Efficient $1$-bit tensor approximations

We present a spatially efficient decomposition of matrices and arbitrary-order tensors as linear combinations of tensor products of $\{-1, 1\}$-valued vectors.
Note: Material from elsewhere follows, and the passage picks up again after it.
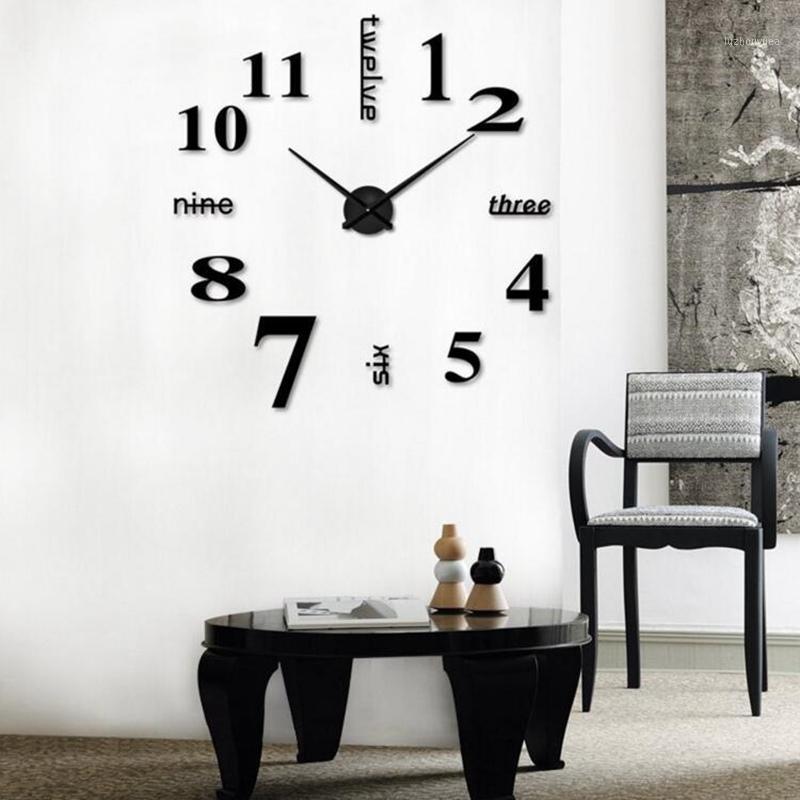 

3D Wall Clock Mirror Wall Stickers Creative DIY Clocks Acrylic Mirror Stickers Home Decoration Living Room Quartz Needle1
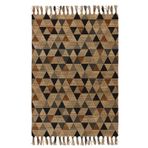 3D ELSE HALI Casablanca Jüt Hasır Desenli Vintage Yıkanabilir Çift Taraflı Kara Tezgah Dokuma Kilim Css19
For any matrix $A \in \mathbb{R}^{m \times n}$, $$A - R_w = S_w C_w T_w^\top = \sum_{j=1}^w c_j \cdot \mathbf{s}_j \mathbf{t}_j^\top$$ is a {\it $w$-width signed cut decomposition of $A$}. Here $C_w = "diag"(\mathbf{c}_w)$ for some $\mathbf{c}_w \in \mathbb{R}^w,$ and $S_w, T_w$, and the vectors $\mathbf{s}_j, \mathbf{t}_j$ are $\{-1, 1\}$-valued. To store $(S_w, T_w, C_w)$, we may pack $w \cdot (m + n)$ bits, and require only $w$ floating point numbers. As a function of $w$, $\|R_w\|_F$ exhibits exponential decay when applied to #f32 matrices with i.i.d. $\mathcal N (0, 1)$ entries. Choosing $w$ so that $(S_w, T_w, C_w)$ has the same memory footprint as a \textit{f16} or \textit{bf16} matrix, the relative error is comparable. Our algorithm yields efficient signed cut decompositions in $20$ lines of pseudocode. It reflects a simple modification from a celebrated 1999 paper [1] of Frieze and Kannan. As a first application, we approximate the weight matrices in the open \textit{Mistral-7B-v0.1} Large Language Model to a $50\%$ spatial compression. Remarkably, all $226$ remainder matrices have a relative error $<6\%$ and the expanded model closely matches \textit{Mistral-7B-v0.1} on the {\it huggingface} leaderboard [2]. Benchmark performance degrades slowly as we reduce the spatial compression from $50\%$ to $25\%$. We optimize our open source \textit{rust} implementation [3] with \textit{simd} instructions on \textit{avx2} and \textit{avx512} architectures. We also extend our algorithm from matrices to tensors of arbitrary order and use it to compress a picture of the first author's cat Angus.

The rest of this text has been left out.